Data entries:
++++
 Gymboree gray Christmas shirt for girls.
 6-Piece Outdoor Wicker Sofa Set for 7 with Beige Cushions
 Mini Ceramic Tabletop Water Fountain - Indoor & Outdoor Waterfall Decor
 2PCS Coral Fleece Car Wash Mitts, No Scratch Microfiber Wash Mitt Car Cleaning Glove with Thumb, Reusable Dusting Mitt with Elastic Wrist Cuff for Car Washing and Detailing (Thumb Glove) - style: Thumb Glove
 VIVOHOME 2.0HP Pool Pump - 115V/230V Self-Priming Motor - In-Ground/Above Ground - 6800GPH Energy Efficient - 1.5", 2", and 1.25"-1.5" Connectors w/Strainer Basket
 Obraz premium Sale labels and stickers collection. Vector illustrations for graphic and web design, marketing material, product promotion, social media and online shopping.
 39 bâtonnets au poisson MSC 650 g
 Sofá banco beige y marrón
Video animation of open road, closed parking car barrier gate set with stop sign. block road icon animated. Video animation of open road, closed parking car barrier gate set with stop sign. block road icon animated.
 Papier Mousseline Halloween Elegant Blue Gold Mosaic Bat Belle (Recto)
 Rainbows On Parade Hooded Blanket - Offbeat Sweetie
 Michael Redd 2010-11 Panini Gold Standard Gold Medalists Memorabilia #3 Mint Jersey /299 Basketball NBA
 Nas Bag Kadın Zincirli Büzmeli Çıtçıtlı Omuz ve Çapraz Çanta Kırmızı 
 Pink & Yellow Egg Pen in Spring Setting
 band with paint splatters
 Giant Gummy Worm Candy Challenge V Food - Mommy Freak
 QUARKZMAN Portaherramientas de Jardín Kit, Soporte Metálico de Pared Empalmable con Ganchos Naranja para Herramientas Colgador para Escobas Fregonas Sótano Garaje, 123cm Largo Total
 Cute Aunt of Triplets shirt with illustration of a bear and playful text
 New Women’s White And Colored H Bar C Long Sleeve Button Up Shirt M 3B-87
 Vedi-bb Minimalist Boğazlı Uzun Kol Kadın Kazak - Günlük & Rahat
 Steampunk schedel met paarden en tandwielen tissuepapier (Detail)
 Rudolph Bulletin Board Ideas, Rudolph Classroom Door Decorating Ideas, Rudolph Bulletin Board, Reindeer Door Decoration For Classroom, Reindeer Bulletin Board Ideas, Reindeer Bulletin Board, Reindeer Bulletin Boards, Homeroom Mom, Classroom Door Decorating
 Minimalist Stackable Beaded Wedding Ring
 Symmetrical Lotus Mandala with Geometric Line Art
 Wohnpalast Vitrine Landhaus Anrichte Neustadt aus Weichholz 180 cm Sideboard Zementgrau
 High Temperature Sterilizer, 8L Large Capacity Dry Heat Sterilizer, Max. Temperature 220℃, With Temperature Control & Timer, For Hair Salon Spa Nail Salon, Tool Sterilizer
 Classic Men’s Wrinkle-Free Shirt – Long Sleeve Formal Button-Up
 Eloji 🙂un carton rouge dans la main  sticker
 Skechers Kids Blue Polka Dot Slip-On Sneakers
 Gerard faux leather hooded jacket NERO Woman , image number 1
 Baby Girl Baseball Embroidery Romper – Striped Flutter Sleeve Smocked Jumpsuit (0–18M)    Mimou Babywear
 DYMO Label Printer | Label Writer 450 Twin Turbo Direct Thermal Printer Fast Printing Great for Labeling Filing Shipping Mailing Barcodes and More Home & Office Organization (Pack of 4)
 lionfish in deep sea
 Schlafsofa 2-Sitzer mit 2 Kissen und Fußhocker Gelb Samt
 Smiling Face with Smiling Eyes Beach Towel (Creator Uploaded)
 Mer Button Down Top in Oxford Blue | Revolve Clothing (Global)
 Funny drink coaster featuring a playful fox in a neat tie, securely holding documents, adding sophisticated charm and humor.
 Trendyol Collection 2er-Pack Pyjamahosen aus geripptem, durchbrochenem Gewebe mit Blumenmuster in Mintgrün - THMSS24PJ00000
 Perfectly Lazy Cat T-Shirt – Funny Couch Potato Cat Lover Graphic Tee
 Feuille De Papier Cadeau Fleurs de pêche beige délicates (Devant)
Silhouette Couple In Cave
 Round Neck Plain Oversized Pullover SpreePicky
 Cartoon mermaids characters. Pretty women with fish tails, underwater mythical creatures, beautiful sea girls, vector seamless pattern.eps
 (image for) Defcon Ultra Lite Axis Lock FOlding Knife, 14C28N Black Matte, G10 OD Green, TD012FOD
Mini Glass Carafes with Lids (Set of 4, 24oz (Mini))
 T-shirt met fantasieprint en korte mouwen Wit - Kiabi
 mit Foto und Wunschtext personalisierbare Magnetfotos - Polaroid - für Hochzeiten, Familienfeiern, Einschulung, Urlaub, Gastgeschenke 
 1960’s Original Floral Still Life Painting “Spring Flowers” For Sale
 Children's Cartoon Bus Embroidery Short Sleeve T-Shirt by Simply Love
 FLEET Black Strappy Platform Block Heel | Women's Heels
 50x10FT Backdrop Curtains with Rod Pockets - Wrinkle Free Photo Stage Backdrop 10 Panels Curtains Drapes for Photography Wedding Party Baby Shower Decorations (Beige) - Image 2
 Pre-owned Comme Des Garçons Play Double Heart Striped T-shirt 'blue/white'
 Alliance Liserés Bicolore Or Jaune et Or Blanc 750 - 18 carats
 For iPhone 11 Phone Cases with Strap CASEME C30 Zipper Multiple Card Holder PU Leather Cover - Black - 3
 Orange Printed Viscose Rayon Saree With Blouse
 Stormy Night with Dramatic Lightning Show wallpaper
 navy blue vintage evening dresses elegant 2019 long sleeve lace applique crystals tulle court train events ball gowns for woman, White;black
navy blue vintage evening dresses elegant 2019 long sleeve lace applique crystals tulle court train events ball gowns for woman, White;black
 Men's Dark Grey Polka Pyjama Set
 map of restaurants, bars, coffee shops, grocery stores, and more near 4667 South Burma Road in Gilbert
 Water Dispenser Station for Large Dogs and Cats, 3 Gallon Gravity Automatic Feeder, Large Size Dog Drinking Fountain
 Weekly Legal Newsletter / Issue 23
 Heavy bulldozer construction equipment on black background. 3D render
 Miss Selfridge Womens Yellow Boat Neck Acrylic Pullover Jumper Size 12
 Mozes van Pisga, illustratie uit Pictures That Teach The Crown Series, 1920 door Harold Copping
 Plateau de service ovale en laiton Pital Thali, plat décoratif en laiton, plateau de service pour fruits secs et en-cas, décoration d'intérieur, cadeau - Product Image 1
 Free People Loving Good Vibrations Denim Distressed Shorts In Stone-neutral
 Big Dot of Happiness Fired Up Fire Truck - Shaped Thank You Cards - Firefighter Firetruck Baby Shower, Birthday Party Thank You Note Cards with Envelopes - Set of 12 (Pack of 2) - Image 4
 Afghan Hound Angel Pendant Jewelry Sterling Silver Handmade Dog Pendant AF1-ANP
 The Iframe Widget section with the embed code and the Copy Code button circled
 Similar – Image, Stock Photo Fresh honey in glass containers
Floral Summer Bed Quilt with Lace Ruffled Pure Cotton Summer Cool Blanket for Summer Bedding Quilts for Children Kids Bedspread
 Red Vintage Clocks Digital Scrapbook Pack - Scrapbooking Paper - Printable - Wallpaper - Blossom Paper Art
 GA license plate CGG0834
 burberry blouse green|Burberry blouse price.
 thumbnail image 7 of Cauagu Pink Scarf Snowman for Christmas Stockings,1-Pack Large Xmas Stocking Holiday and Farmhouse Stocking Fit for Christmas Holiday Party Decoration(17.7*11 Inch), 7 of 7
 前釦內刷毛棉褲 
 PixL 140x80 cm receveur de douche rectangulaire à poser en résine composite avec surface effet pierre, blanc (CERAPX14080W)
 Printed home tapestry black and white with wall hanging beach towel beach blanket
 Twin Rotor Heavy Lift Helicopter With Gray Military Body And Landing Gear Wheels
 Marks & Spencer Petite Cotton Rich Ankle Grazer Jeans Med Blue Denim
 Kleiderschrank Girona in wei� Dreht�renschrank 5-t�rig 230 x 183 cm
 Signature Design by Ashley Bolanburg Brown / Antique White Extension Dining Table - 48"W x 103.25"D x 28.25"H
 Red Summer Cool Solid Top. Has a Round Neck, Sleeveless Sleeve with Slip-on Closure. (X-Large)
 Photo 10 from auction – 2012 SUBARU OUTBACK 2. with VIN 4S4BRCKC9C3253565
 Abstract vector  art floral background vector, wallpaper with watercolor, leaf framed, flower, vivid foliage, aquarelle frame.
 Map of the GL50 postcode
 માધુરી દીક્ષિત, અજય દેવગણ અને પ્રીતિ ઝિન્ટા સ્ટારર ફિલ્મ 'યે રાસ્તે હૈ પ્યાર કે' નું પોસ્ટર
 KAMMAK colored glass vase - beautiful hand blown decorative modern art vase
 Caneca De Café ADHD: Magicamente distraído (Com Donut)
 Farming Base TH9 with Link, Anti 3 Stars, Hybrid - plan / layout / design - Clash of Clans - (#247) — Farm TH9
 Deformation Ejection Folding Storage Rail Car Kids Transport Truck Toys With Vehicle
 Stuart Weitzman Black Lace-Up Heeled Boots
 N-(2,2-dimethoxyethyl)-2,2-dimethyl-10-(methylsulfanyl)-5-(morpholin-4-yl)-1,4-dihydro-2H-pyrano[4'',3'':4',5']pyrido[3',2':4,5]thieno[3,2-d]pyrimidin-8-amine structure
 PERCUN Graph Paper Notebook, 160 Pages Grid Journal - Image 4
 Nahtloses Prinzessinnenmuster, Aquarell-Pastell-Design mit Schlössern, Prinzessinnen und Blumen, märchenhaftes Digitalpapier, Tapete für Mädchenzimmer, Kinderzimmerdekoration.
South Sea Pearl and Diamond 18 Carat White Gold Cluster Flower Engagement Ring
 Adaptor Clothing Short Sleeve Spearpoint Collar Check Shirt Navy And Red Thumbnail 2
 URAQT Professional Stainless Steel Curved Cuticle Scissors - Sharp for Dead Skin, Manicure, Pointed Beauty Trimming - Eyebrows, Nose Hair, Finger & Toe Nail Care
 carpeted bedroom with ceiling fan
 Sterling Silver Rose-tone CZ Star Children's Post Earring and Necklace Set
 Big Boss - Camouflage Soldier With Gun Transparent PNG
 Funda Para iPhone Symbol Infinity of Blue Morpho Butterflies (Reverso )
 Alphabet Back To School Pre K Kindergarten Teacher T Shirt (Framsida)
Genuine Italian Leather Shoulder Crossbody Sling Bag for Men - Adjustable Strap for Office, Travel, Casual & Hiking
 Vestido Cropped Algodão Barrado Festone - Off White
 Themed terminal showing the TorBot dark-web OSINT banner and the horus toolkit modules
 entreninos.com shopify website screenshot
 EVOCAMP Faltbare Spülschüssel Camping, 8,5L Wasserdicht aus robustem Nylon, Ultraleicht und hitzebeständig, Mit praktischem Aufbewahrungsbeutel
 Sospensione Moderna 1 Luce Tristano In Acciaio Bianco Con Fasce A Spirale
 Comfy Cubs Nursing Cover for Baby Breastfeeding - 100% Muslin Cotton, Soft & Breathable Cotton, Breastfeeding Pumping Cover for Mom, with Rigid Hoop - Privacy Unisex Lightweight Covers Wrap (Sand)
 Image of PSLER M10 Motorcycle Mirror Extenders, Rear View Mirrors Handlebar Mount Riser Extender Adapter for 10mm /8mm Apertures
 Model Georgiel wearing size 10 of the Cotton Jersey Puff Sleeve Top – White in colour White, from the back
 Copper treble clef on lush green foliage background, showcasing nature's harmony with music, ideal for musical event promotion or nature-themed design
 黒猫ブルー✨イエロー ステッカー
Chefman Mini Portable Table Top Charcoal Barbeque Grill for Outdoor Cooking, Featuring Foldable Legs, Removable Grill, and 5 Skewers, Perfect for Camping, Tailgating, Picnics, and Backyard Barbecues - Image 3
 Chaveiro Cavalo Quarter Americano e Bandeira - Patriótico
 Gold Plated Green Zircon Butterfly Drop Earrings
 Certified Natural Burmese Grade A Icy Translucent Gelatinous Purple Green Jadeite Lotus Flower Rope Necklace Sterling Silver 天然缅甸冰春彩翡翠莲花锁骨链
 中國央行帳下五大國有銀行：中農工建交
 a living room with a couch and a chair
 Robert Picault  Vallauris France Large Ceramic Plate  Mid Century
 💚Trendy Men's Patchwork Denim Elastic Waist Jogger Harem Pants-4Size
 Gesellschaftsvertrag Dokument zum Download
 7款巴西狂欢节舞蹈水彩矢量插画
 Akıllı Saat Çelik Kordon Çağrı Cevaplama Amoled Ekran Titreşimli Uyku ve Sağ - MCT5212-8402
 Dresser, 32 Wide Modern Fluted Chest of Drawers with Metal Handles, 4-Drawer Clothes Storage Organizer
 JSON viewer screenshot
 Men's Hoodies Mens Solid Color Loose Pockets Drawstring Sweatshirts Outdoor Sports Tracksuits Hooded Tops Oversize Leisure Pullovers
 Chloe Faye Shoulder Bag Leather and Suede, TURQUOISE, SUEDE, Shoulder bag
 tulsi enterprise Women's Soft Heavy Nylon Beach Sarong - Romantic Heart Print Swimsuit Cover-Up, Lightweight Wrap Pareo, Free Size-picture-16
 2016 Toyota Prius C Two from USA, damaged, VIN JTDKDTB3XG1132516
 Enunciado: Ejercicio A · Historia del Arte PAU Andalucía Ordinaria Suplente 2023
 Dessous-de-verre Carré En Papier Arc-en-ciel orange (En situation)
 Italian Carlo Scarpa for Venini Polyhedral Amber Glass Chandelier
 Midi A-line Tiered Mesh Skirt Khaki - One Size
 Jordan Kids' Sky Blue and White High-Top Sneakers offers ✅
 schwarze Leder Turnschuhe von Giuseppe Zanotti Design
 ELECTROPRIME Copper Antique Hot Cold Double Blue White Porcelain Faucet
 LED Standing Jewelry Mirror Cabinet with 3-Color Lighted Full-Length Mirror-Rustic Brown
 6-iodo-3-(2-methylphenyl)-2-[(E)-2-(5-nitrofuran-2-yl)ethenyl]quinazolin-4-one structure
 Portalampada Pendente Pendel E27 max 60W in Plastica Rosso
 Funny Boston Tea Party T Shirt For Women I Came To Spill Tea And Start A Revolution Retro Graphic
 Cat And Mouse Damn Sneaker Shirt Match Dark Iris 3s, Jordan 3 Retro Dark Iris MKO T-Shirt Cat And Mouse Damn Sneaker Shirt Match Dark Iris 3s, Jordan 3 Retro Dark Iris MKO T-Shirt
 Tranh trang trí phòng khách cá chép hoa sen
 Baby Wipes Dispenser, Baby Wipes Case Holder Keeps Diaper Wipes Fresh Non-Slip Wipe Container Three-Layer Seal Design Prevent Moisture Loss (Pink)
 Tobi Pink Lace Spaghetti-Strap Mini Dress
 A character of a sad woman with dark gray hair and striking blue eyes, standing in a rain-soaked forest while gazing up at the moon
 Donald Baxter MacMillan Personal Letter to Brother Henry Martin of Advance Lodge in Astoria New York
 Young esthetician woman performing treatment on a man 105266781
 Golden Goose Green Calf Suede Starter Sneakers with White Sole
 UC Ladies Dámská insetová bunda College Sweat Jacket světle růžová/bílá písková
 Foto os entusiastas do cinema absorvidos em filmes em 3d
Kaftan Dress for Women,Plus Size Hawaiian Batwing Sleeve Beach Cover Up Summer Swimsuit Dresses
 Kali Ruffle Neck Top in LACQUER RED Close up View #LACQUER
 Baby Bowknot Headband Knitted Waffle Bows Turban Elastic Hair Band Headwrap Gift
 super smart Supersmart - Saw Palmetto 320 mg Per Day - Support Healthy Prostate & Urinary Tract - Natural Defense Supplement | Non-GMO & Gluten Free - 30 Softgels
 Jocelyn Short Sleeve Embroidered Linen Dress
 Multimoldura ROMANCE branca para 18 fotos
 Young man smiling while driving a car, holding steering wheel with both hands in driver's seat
++++
Exercise description: All that is wanted is an exact copy of the lines above from the one with "Signature Design by" through the one with "Stuart Weitzman Black Lace-Up Heeled Boots", with both ends included.

Answer for the task:
 Signature Design by Ashley Bolanburg Brown / Antique White Extension Dining Table - 48"W x 103.25"D x 28.25"H
 Red Summer Cool Solid Top. Has a Round Neck, Sleeveless Sleeve with Slip-on Closure. (X-Large)
 Photo 10 from auction – 2012 SUBARU OUTBACK 2. with VIN 4S4BRCKC9C3253565
 Abstract vector  art floral background vector, wallpaper with watercolor, leaf framed, flower, vivid foliage, aquarelle frame.
 Map of the GL50 postcode
 માધુરી દીક્ષિત, અજય દેવગણ અને પ્રીતિ ઝિન્ટા સ્ટારર ફિલ્મ 'યે રાસ્તે હૈ પ્યાર કે' નું પોસ્ટર
 KAMMAK colored glass vase - beautiful hand blown decorative modern art vase
 Caneca De Café ADHD: Magicamente distraído (Com Donut)
 Farming Base TH9 with Link, Anti 3 Stars, Hybrid - plan / layout / design - Clash of Clans - (#247) — Farm TH9
 Deformation Ejection Folding Storage Rail Car Kids Transport Truck Toys With Vehicle
 Stuart Weitzman Black Lace-Up Heeled Boots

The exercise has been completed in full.